Then, the August Chicago convention’s national TV time could be devoted to reversing the scenario once more. Democrats could crown a fresh, younger Democrat face, preaching peace to thwart the apocalyptic return of a combative 78-year-old Trump.
Kamala Harris could replace her replacement and be reinstalled back in the Senate, where she doesn’t belong either.
That may seem ridiculous to some. A similar scenario also seemed preposterous 68 years ago as Democrat Lyndon Johnson seemed headed for a second term.
Until – wait for it! – the embattled incumbent driving an unpopular war got embarrassed by a poor showing in the New Hampshire primary at the hands of a fellow Democrat from Minnesota in Congress.

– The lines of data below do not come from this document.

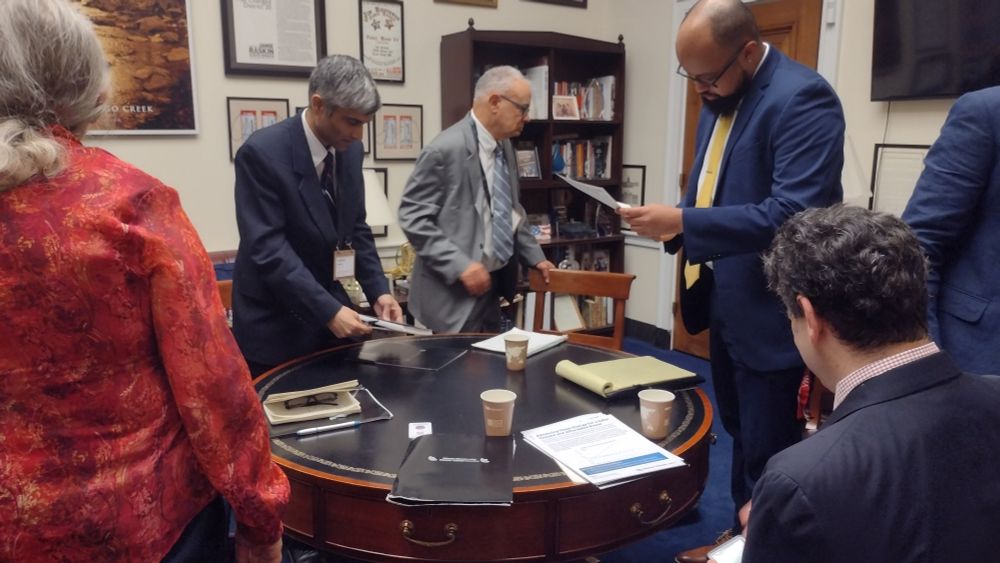 Adults in business attire are preparing to sit at a round table in an office just before the start of a meeting.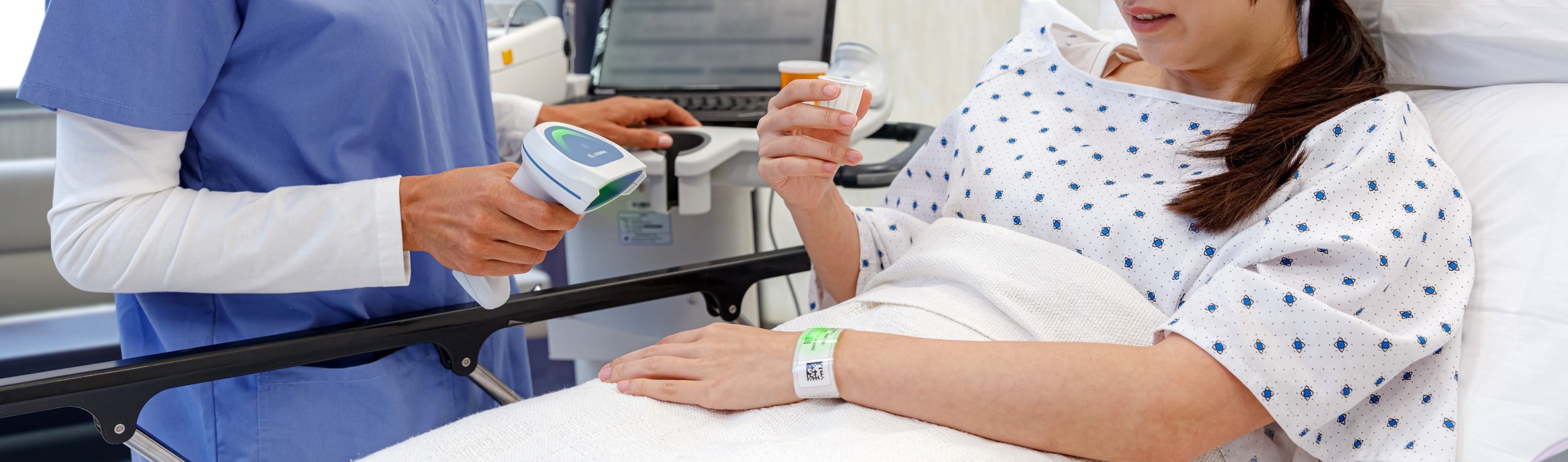 Someone using a healthcare handheld barcode scanner in a hospital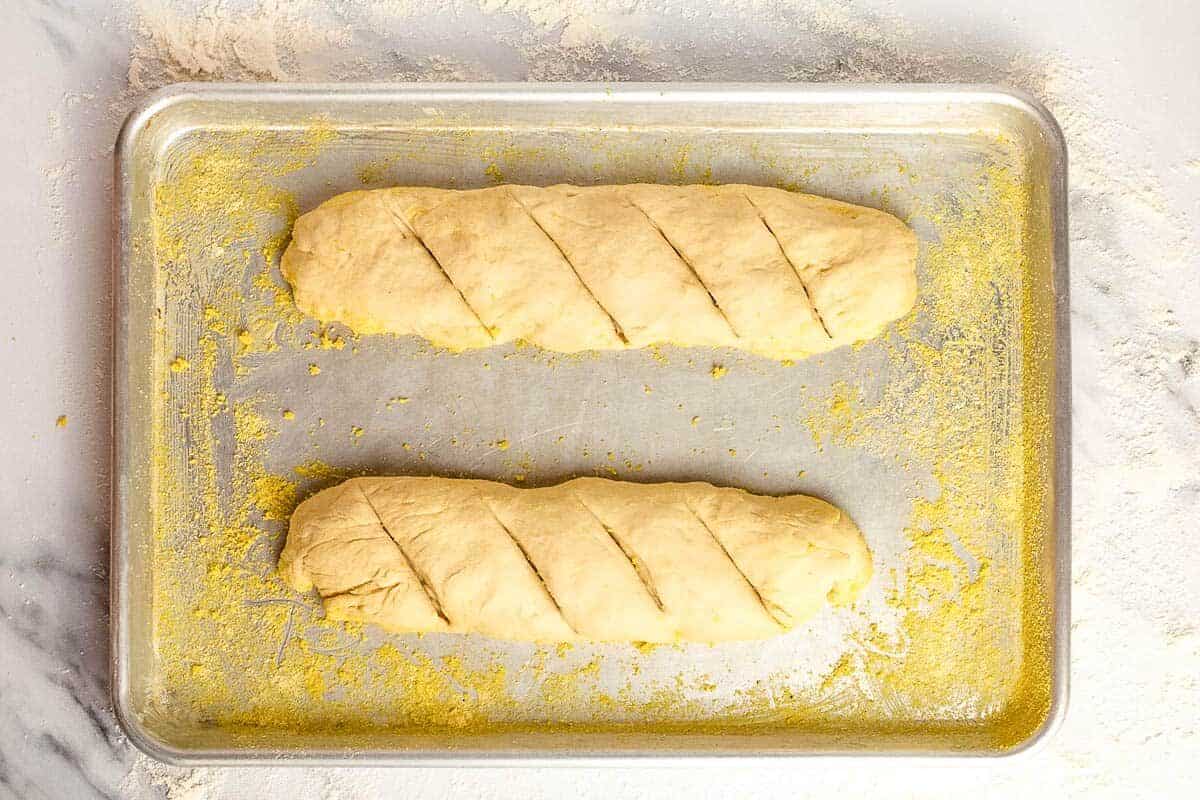 Two unbaked French bread loaves.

Johnson canceled his reelection effort.
This year’s New Hampshire primary is Jan. 23. Another Democrat member of Congress from Minnesota – Rep. Dean Phillips — is again challenging an incumbent unpopular Democrat president.
Like Eugene McCarthy’s challenge in 1968, Phillips has no chance of winning his party’s nomination. But he does have a very good chance of embarrassing his party’s incumbent president.
That’s because – Can you believe this? — Joe Biden did not bother to register for the New Hampshire primary this year. He’s done so poorly there in the past — fifth place in 2020 — that he snubbed New Hampshire and focused instead on South Carolina’s more favorable primary.
But that doesn’t come until Feb. 3.
Democrats have desperately mounted a New Hampshire write-in campaign for Biden. But that still leaves 10 days of negative media coverage about an incumbent president who got spanked by a nobody in his party’s first primary.
Finally, I’m just going to leave this here: Most of the Republican primary field has aimed its heaviest attacks on other Republicans. Nikki Haley, however, has instead focused on Democrats, mainly Joe Biden and his disastrous economic, national security, and border policy. Or non-policy.
That sort of platform could stand regardless of the Democrat nominee, while not alienating most Republicans, except probably the Trumpers.